FOUND IN THE BASEMENT


We believe that this is a fruit juicer.
Cut up the fruit – an orange, perhaps, or a lemon – place it in the bottom of the container, then press down with the handle. The pulp is forced to the bottom, while the juice flows through the sieve and can then be poured out via the lip on the side.
MEET LYNN

Lynn is our barnyard matriarch, a calico with attitude and the scars to prove it.
Like her mother before her, she remains somewhat aloof from the general barn cat population. She is never far away, it seems, but does not share her lodging with others. We see her coming out of the bush every morning for breakfast.
On sunny winter days, she likes to sit on our south-facing doorstep. Or on the deck railing, as pictured here.
Her best friend is the dog Jaeger, She runs to greet him whenever he goes outside. A preen and a purr and she’s off to the bush once again.
“When the Music’s Over” by Peter Robinson, McClelland & Stewart, 2016
I believe that I picked this up at McNally Robinson. Truth is, my piles of books to read are so high that when I get to the next one in the pile, I cannot always remember where I got it.
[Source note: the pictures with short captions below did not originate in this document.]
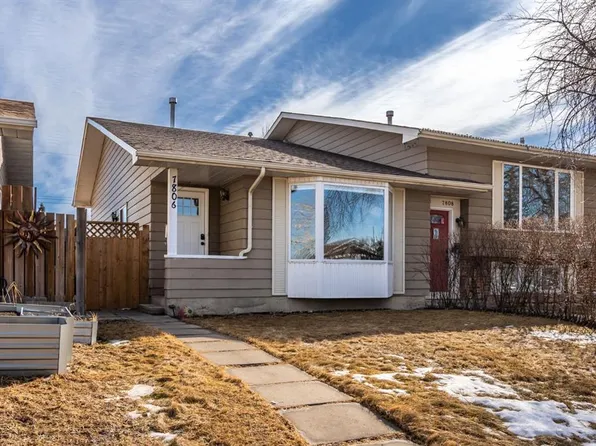 7806 W 20a St SE, Calgary, AB T2C 1Y5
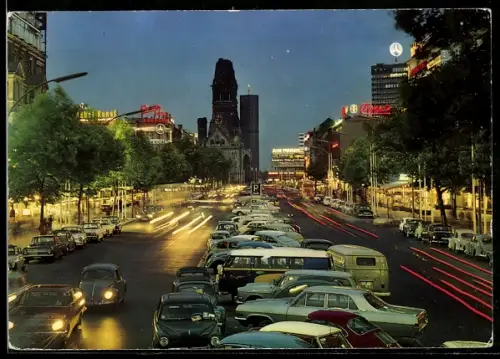 AK Berlin-Charlottenburg, Kurfürstendamm, Kaiser-Wilhelm-Gedächtniskirche, nächtliche Strassenszene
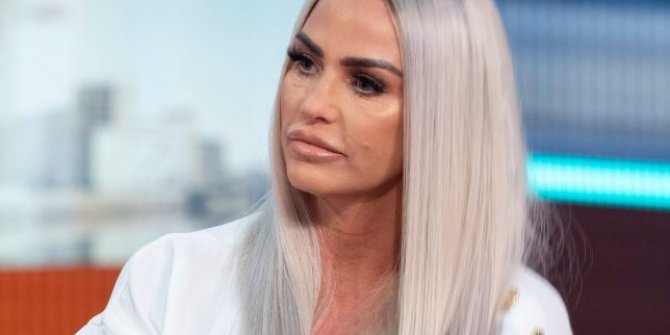 Ünlü şarkıcı Katie Price, Marmariste üstsüz güneşlendi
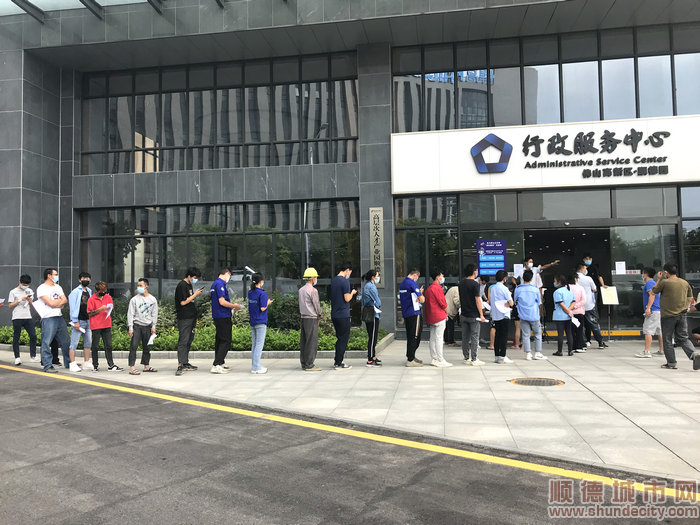 前來接種疫苗的市民有序排隊。.jpg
“When the Music’s Over” is an Inspector Banks novel. Banks has been promoted to Detective Superintendent and his first case involves decades-old sexual assault allegations against an aging celebrity entertainer. Meanwhile, D.I. Annie Cabot investigates the case of a teenager beaten, raped and thrown out of a moving vehicle.
“The Way The Crow Flies” by Ann-Marie MacDonald, Alfred A. Knoff Canada, 2003, Hardcover
I purchased this one last summer at a used book sale at Margaret Laurence House in Neepawa. It cost me $1.
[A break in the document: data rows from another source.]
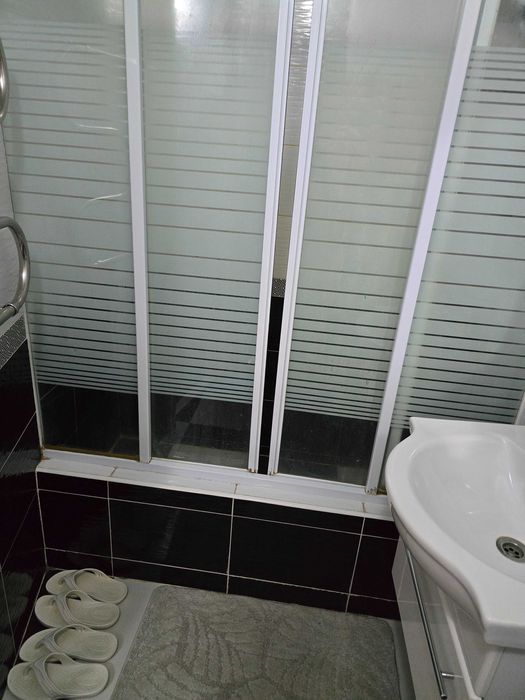 1 комнатная  центр Вип .  Kaspi Red.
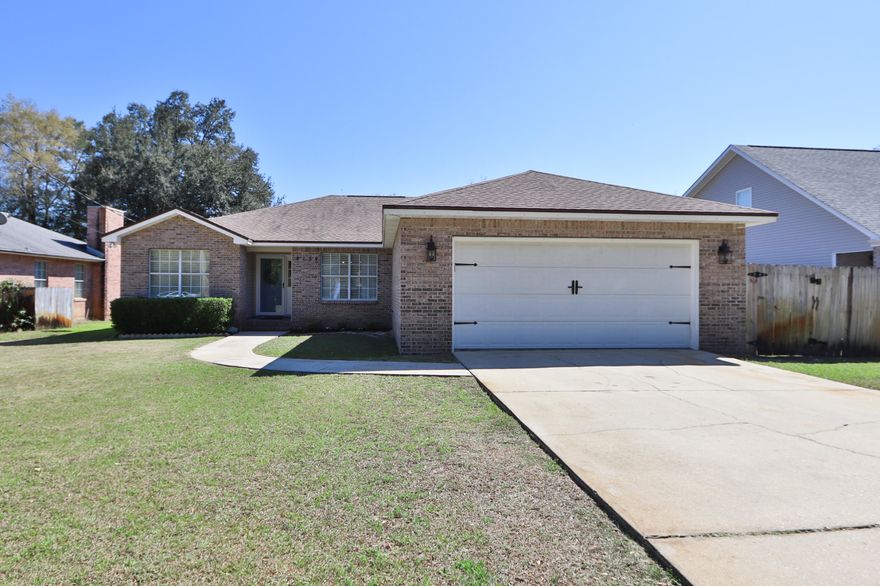 Easy maintenance brick & vinyl home with tons of upgrades! Recently renovated over the past 2 years! Home has been freshly painted through out. Distressed hand scraped Irish Channel Crescent Hardwood floors in all living space, bedrooms and kitchen. ( Glue down and not floating) LED recessed lighting in all living areas. LED custom light fixtures interior and exterior. Open floor plan with lots of natural light. Kitchen has all new appliances featuring Samsung counter depth French Door with Flex refridgerator/freezer drawer fridge, Samsung range with convection oven, Kitchenaide dishwasher. New White Ice level 3 granite countertops and the cabinets have been resurfaced. Artic Grey 3x6 Tumbled marble backsplash too.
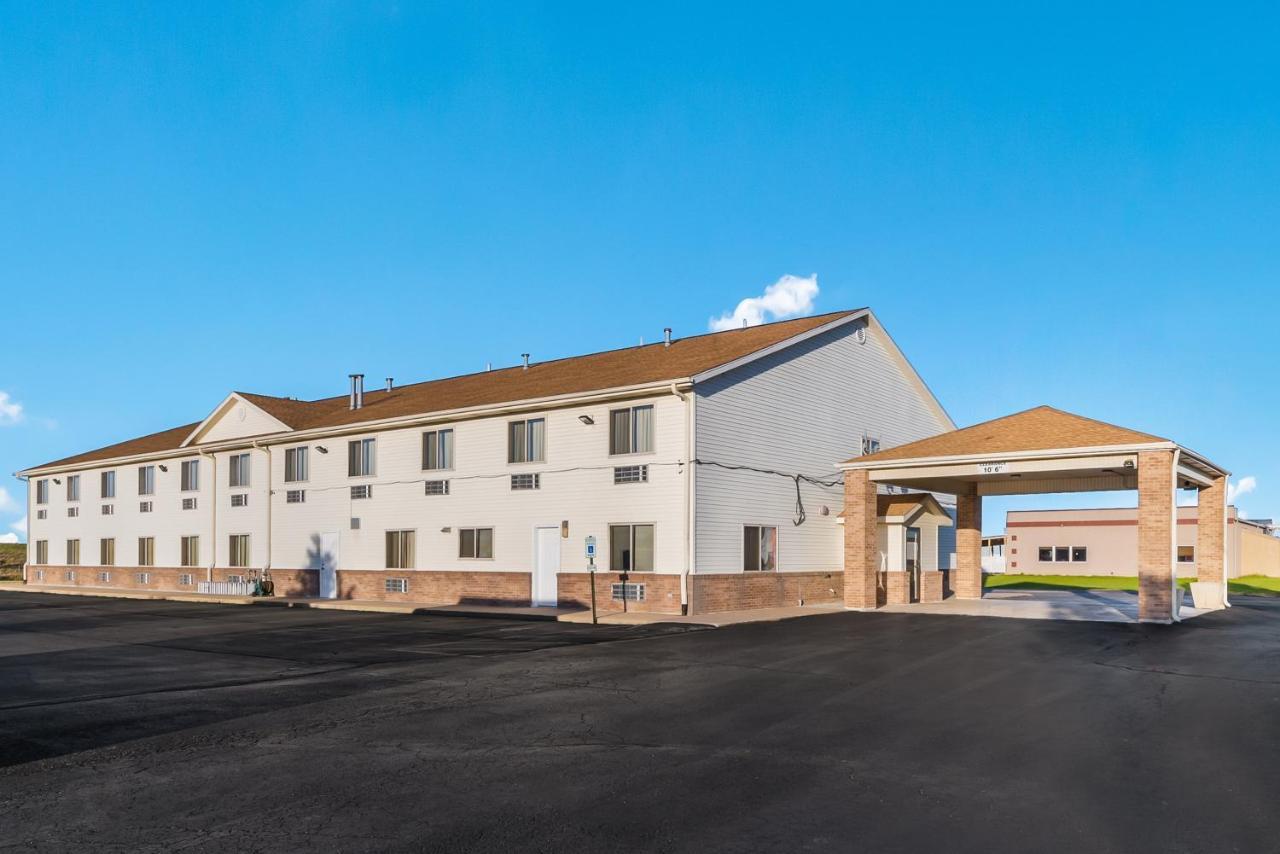 Americas Best Value Inn-Wenona Экстерьер фото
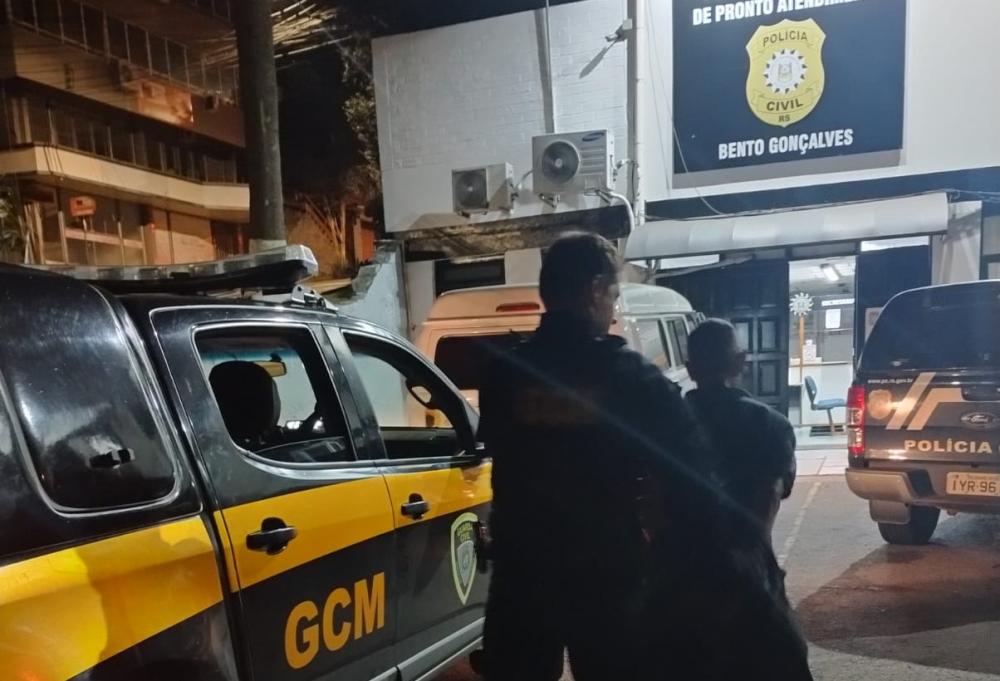 Agentes da GCM prendem em Bento homem acusado de homicídio em Caxias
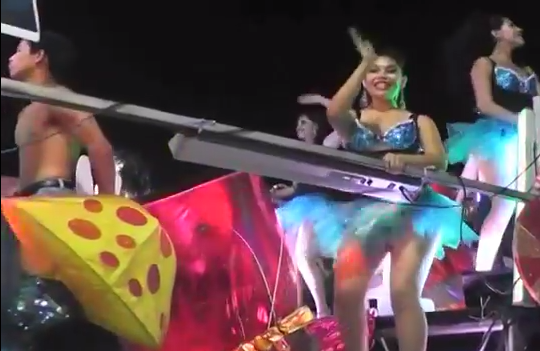 Visitantes y locales disfrutan de los paseos del carnaval en Coatzacoalcos.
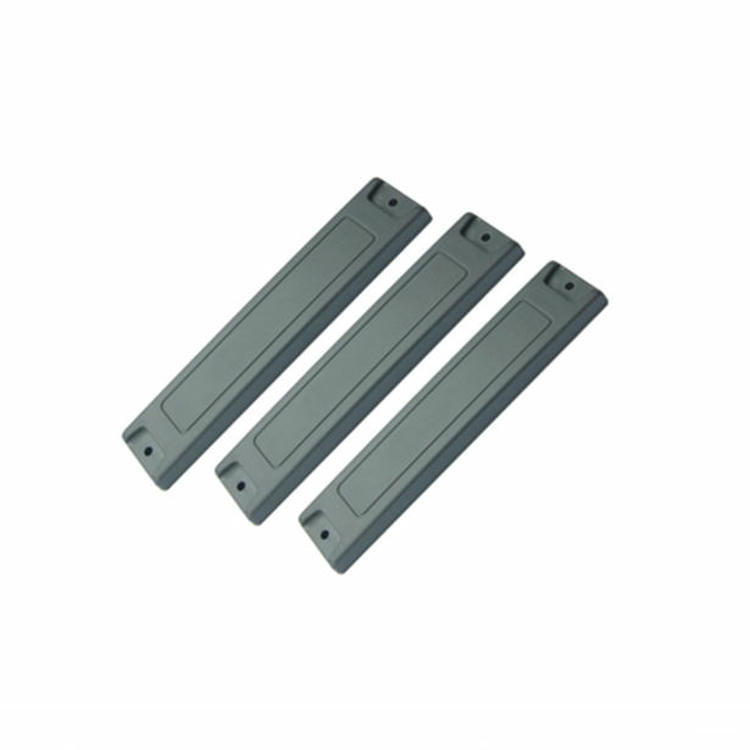 Ovaj RFID tag sa montažom pomoću vijaka, model ABS15532-1, ima ojačane otvore na oba kraja za sigurnu instalaciju na metalnim mašinama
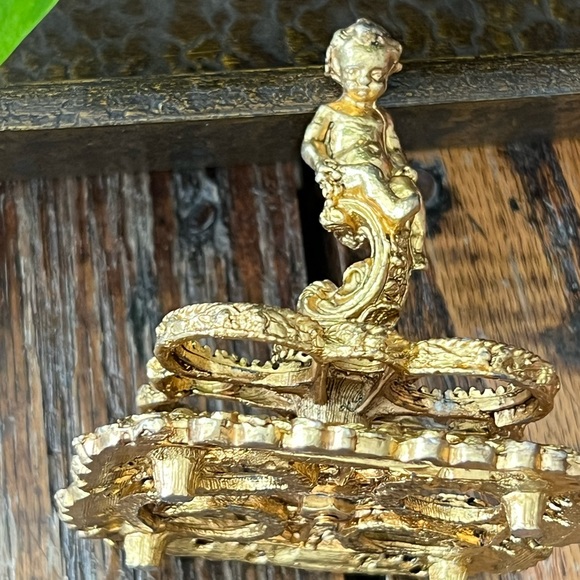 Vintage Gold-Tone Lipstick Stand -“The Bucklers” - Picture 4 of 12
Many years ago, I had started this book, but never finished it. There are very few books that I never finish. I thought that a loonie was a cheap price to try again.
I found myself struggling again during the first third of the book and I am not sure why. MacDonald writes well about a Canadian Air Force family stationed in “Centralia” in the early 1960s. It was the time of the Cold War, the Cuban Missile Crisis and the race to land a man on the moon. The McCarthy’s – Jack and Mimi and their children Mike and Madeleine – lead what could be described as a charmed life, but underneath the surface run the themes of child sexual abuse, wartime atrocities, espionage and murder.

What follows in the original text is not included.